# Assigned task
The whole listing that follows is to be restated word for word, images excluded.

# Source records
((

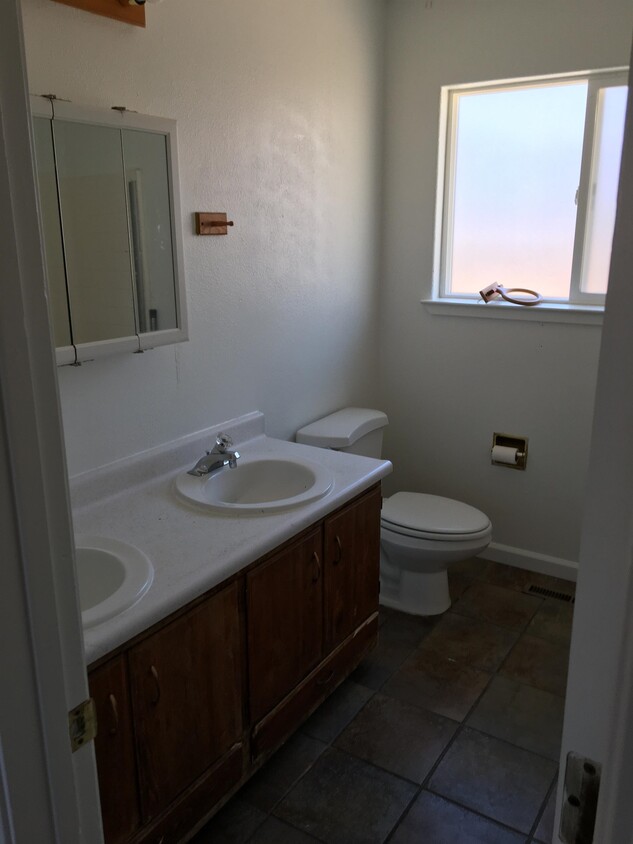 Primary Photo - 1502 Rand Ave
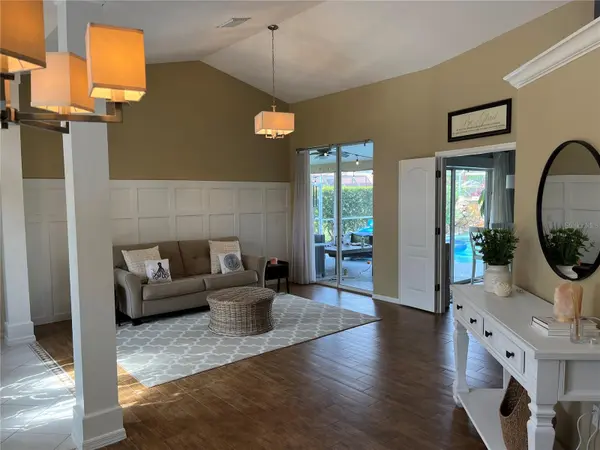 5828 SANDY POINTE DR, Sarasota, FL 34233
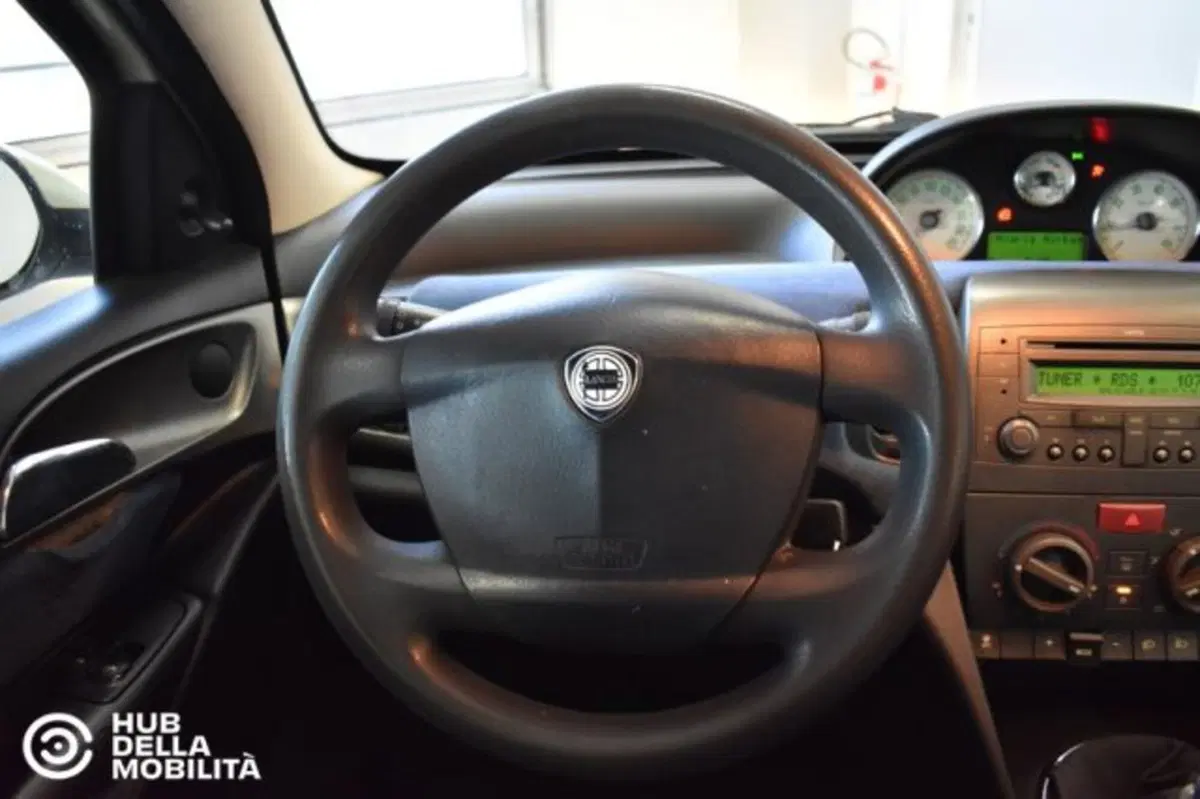 Lancia Ypsilon usata a Perugia (12)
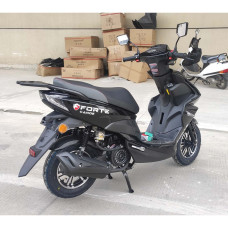 Скутер Forte Canoe 149 6CC чорний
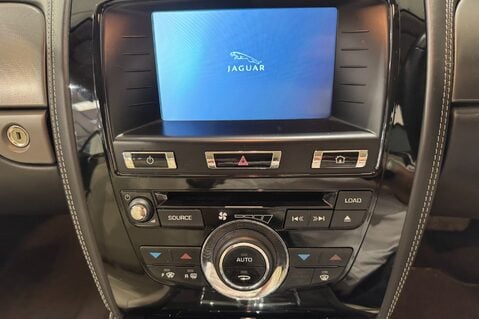 Jaguar XK PORTFOLIO 23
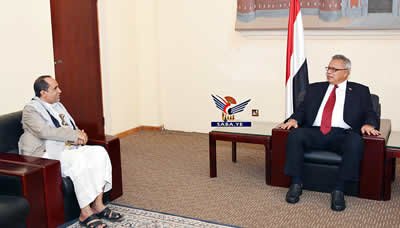 رئيس الوزراء يناقش مع مدير مكتب الرئاسة عدد من المهام المشتركة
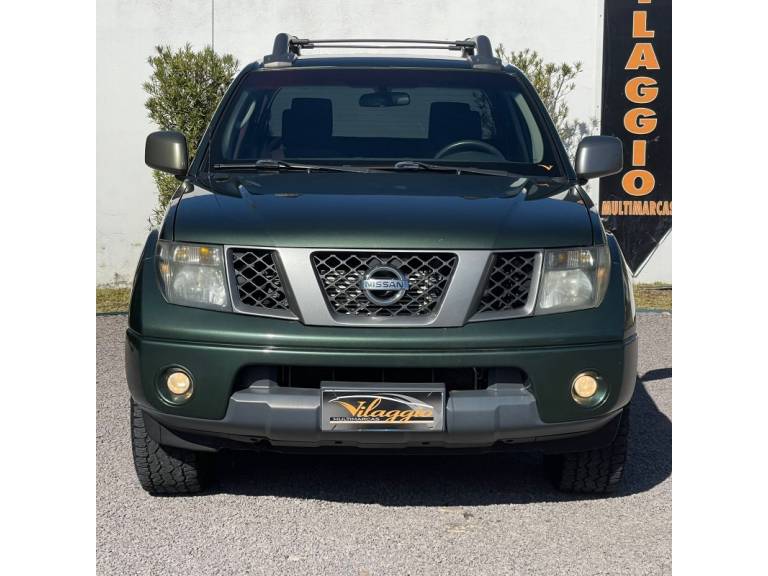 NISSAN - FRONTIER - 2012/2013 - Verde - R$ 94.900,00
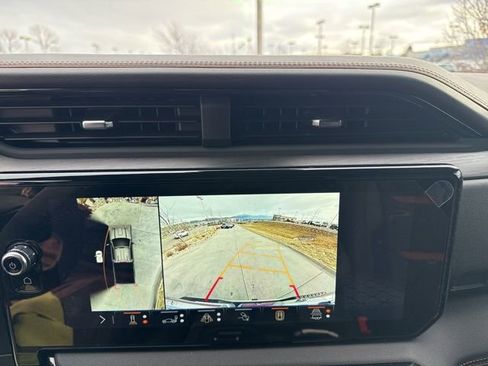 Used 2025 GMC Sierra 2500 AT4 w/ Max Trailering Package image 31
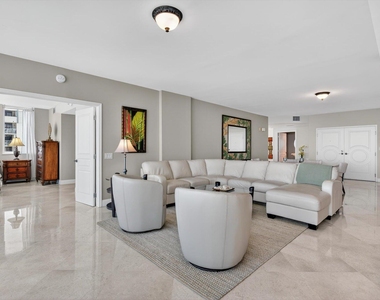 801 Briny Avenue - Photo Thumbnail 7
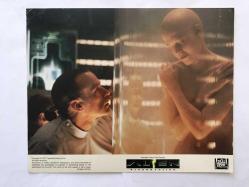 ALIEN - YARATIK: DİRİLİŞ (1997) - SİNEMA FİLMİ ORİJİNAL 8'Lİ LOBİ KART SETİ - AMERİKA DÖNEM BASKISI - ALIEN: RESURRECTION (1997) ORIGINAL LOBBY CARD SET 8 SCENES, U.S.A - 25 x 20 cm - Jean-Pierre Jeunet, Sigourney Weaver, Winona Ryder, Dominique Pinon, Ron Perlman, Gary Dourdan, Michael Wincott, Kim Flowers, Dan Hedaya, J.E. Freeman, Brad Dourif, Raymond Cruz, Leland Orser, Carolyn Campbell, Marlene Bush, David St. James, 	Joss Whedon, John Frizzell, Hervé Schneid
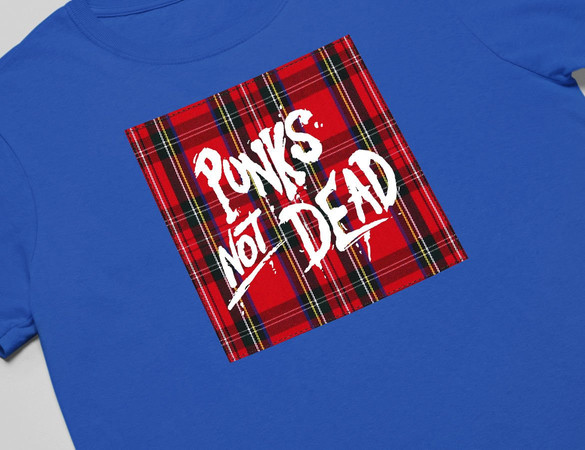 Koszulka z naszywką Punks Not Dead 01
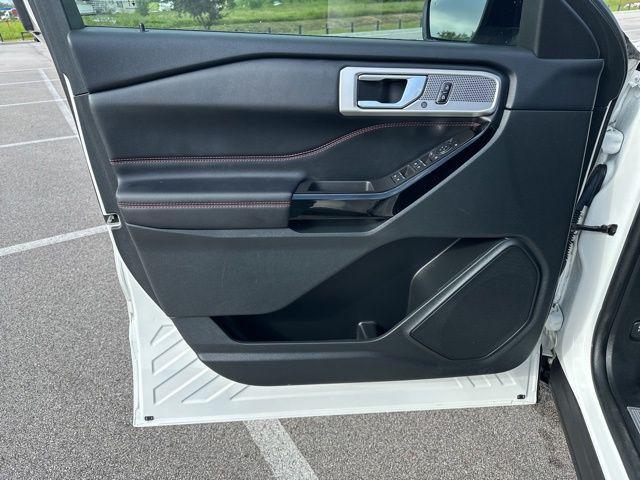 Photo of 2023 Star White Metallic Tri-Coat Ford Explorer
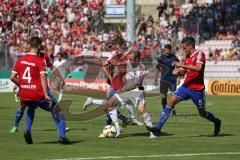 DFB-Pokal - 1. Runde - Fußball - FC Ingolstadt 04 - SpVgg Unterhaching - Moritz Hartmann (9, FCI) in der Mitte Kampf um den Ball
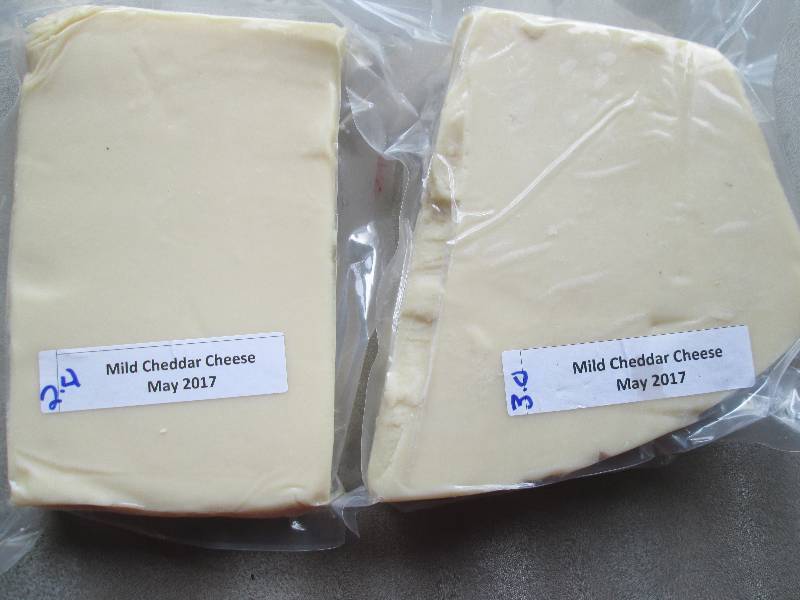 lot 33 image: 5.4 lb.Chunk Mild Cheddar Cheese Pr...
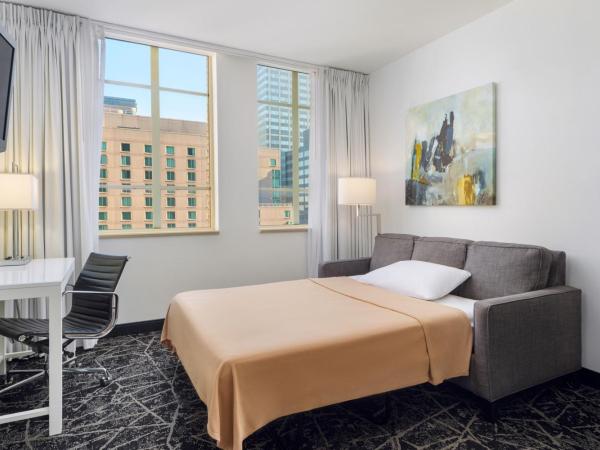 Residence Inn by Marriott Philadelphia Center City : photo 2 de la chambre studio queen avec 2 lits queen-size et un canapé-lit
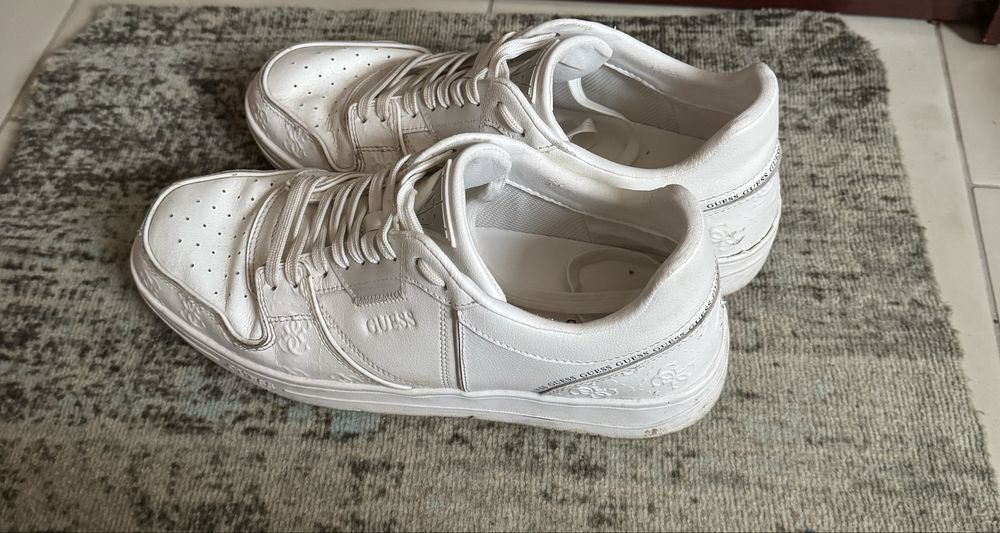 Обувки Guess - 45 номер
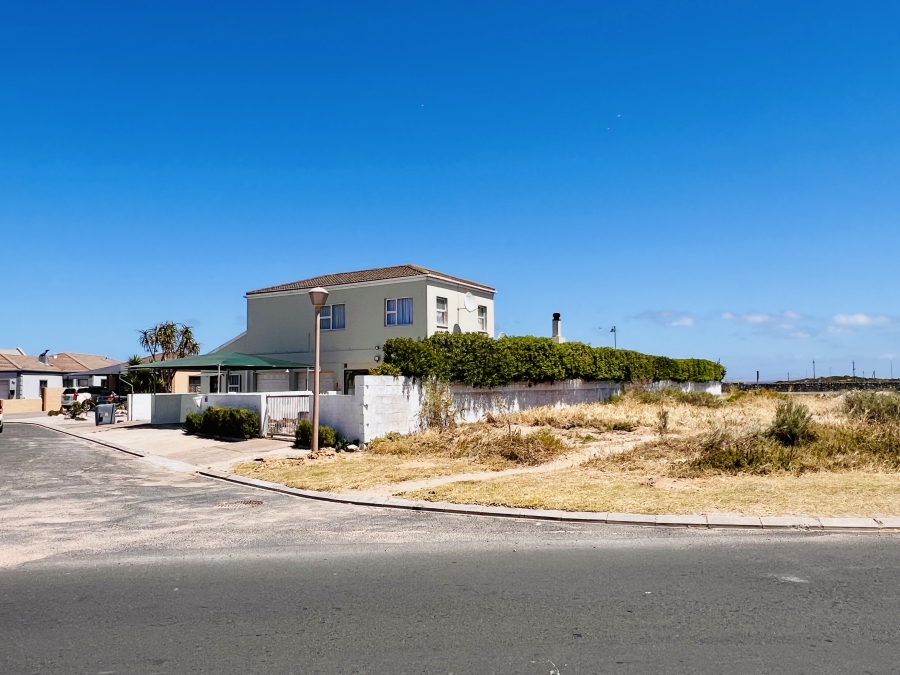 5 Bedroom Property for Sale in Country Club Western Cape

))

# Result for this task
 Primary Photo - 1502 Rand Ave
 5828 SANDY POINTE DR, Sarasota, FL 34233
 Lancia Ypsilon usata a Perugia (12)
 Скутер Forte Canoe 149 6CC чорний
 Jaguar XK PORTFOLIO 23
 رئيس الوزراء يناقش مع مدير مكتب الرئاسة عدد من المهام المشتركة
 NISSAN - FRONTIER - 2012/2013 - Verde - R$ 94.900,00
 Used 2025 GMC Sierra 2500 AT4 w/ Max Trailering Package image 31
 801 Briny Avenue - Photo Thumbnail 7
 ALIEN - YARATIK: DİRİLİŞ (1997) - SİNEMA FİLMİ ORİJİNAL 8'Lİ LOBİ KART SETİ - AMERİKA DÖNEM BASKISI - ALIEN: RESURRECTION (1997) ORIGINAL LOBBY CARD SET 8 SCENES, U.S.A - 25 x 20 cm - Jean-Pierre Jeunet, Sigourney Weaver, Winona Ryder, Dominique Pinon, Ron Perlman, Gary Dourdan, Michael Wincott, Kim Flowers, Dan Hedaya, J.E. Freeman, Brad Dourif, Raymond Cruz, Leland Orser, Carolyn Campbell, Marlene Bush, David St. James, 	Joss Whedon, John Frizzell, Hervé Schneid
 Koszulka z naszywką Punks Not Dead 01
 Photo of 2023 Star White Metallic Tri-Coat Ford Explorer
 DFB-Pokal - 1. Runde - Fußball - FC Ingolstadt 04 - SpVgg Unterhaching - Moritz Hartmann (9, FCI) in der Mitte Kampf um den Ball
 lot 33 image: 5.4 lb.Chunk Mild Cheddar Cheese Pr...
 Residence Inn by Marriott Philadelphia Center City : photo 2 de la chambre studio queen avec 2 lits queen-size et un canapé-lit
 Обувки Guess - 45 номер
 5 Bedroom Property for Sale in Country Club Western Cape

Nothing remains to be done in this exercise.